Ejected from Debswana, Nchindo did not enjoy a lot of public sympathy especially as he presided over a period where 461 empoyees were callously retrenched after engaging in industrial action over bonuses. It was not long before he was hauled before the then Gaborone Chief Magistrate Lot Moroka to face multiple criminal charges.

He was subjected to a marathon court case which is still going on after two years. However, it is said although he may have initially enjoyed some support from the political establishment, this was predicated on him remaining silent on many other sorry details of his dealings with the ruling party until he is forced to, by an inquisitive lawyer in court to spill the beans. Many indicate that Nchindo had many secrets about the current government, that many wanted kept under wraps.  However his life took a dramatic turn when it was revealed that he had facilitated a loan from De Beers to rescue a financially embarrassed Masire when he was president. This greatly damaged the reputation of Masire and caused consternation. Masire came out with a somewhat feeble explanation whose major point was the confirmation of the assistance.

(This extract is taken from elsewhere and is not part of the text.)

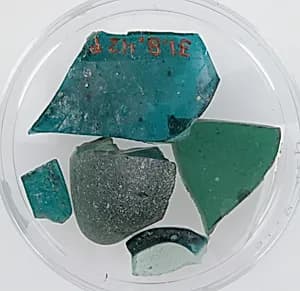 Glass Fragments by Unknown Artist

From then on, it is said, Nchindo was on a collision course with the political establishment. It is said he lost his last batch of his most ardent friends at that point as he veered into direct collision with the political  holy cows. Mogae divulged more - Nchindo had tried to blackmail him into using his presidential powers to stop the criminal case.Nchindo explained that he had not been the source of the Masire revelation while denying Mogae’s accusations.

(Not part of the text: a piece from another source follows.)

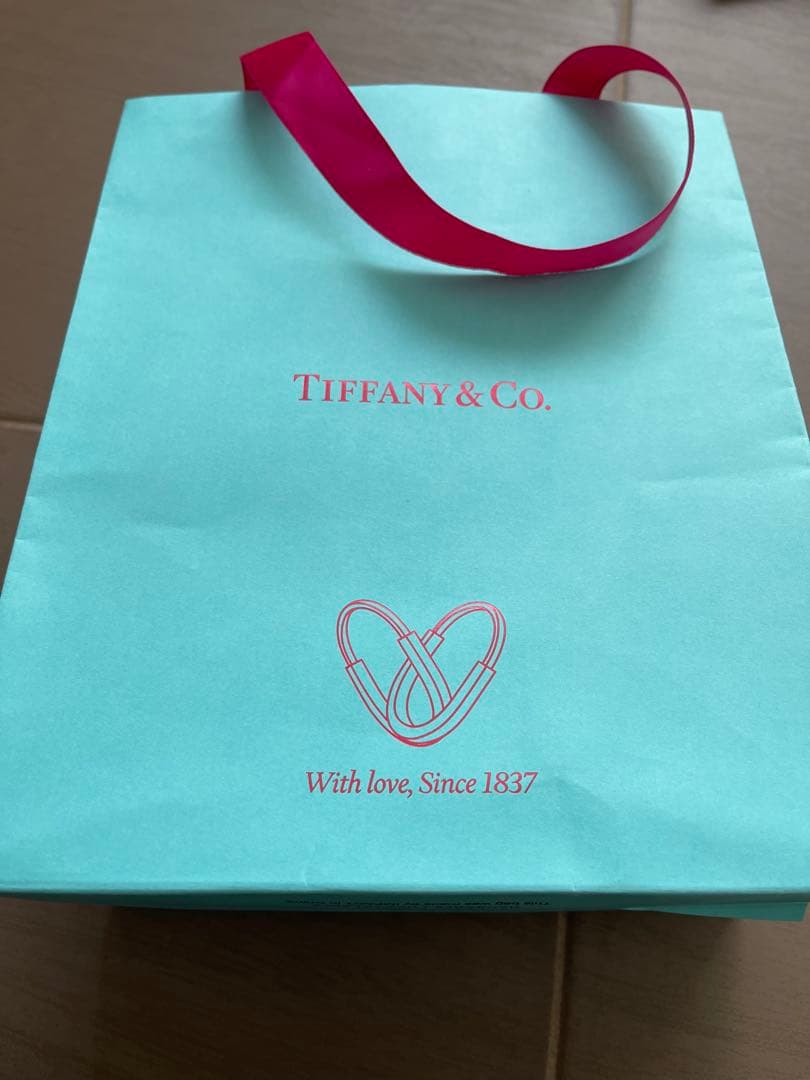 Tiffany & Co. ショップ袋 7点.空箱7点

The last two weeks may have been hard for Masire, Mogae and those close to the ruling group but they could not have been worse for Nchindo. He spent the last three weeks as friendless as ever and as isolated as a man of his stature can get. And so last Friday, he left his Gaborone home on a trip for what the family thought would be a relaxing weekend away in his hometown of Kazungula. Reports indicate that on Sunday morning, he crossed into Victoria Falls in the company of two individuals. It is said he had his short-gun. Those close to him say it was not unusual for him to have one of his five guns in his possession.

That afternoon he was back in Pandamatenga. Some report seeing him at his usual haunt - the Truck-In Bottle Store where he often ate roast meat. He even shared a few drinks with patrons. On this day he looked a bit crestfallen, sources say. For a man who liked braaied meat, it was surprising that he did not come to the braai stand, but instead sat and had a few drinks.  He was last seen driving off by patrons of the bottle store. Alone.

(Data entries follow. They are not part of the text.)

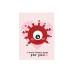 Glass Staff Grusskarte Only Eyes for You Rot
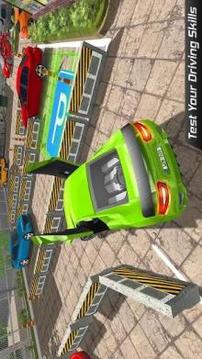 Sports Car Parking游戲截圖3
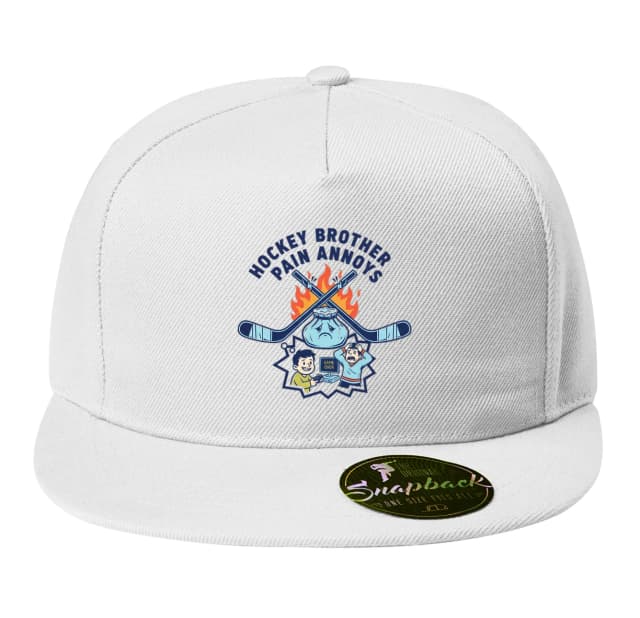 Snapback Hokejový Bratr Bolest Plameny A Game Over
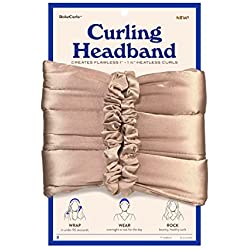 Photo 1 of 
RobeCurls Original Heatless Curling Headband, Satin Headband Hair Accessory for Overnight Curls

Sometime later Nchindo, must have packed his Toyota Hilux and left it locked, venturing into the forest. It was there that he disappeared.  Alone. Away from the glitter of city lights, from the loud laughter of friends and hangers-on, away from the clink of whisky glasses, the fragrant clouds of Cuban cigars, the sweet smiles of waiters patiently loitering for extra tips and the lush leather interiors of high-end automobiles. Alone. Away from the few friends he had, if any. Away from his enemies.  Did he commit suicide or someone who wanted to see him silent committed homicide? The Police will not say until DNA tests had been done. Did the DIS or security agents carry out the hit on this individual who was proving to be a thorn on the big boys but the DIS and other security agents are not saying anything not even to disprove the damaging innuendo.A close friend says”,what I know is that an innocent man has been persecuted until he decided to take his own life. The rule of law and his friends failed him.”